Information provided »

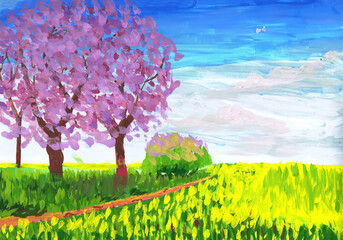 Flowering cherry trees and rapeseed field. Spring landscape. Children's drawing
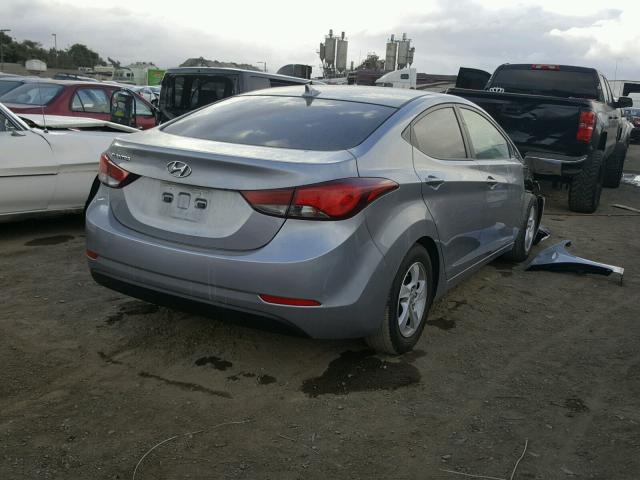 5NPDH4AE9FH584616 - 2015 HYUNDAI ELANTRA SE SILVER photo 4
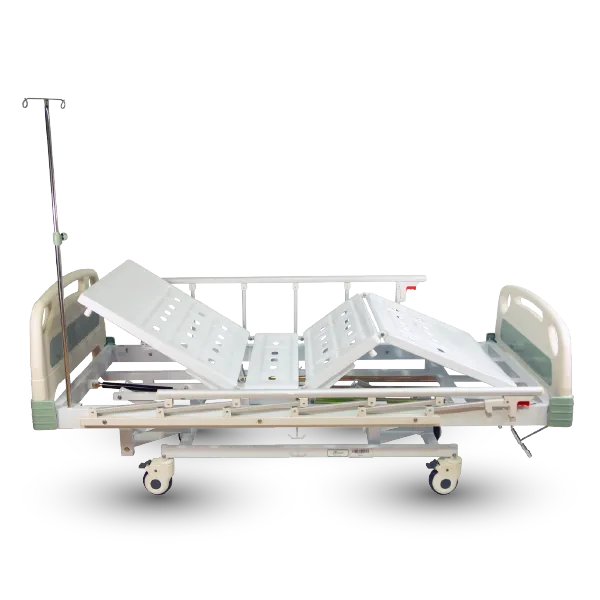 Cama Manual  de 3 Funciones con Manivelas, Ruedas de 125mm todas c/Freno.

Work task »
Please set down, word for word, the lines starting at the line that holds "5NPDH4AE9FH584616 - 2015" and running to the end of the listing, with no pictures.

Reply to the task »
 5NPDH4AE9FH584616 - 2015 HYUNDAI ELANTRA SE SILVER photo 4
 Cama Manual  de 3 Funciones con Manivelas, Ruedas de 125mm todas c/Freno.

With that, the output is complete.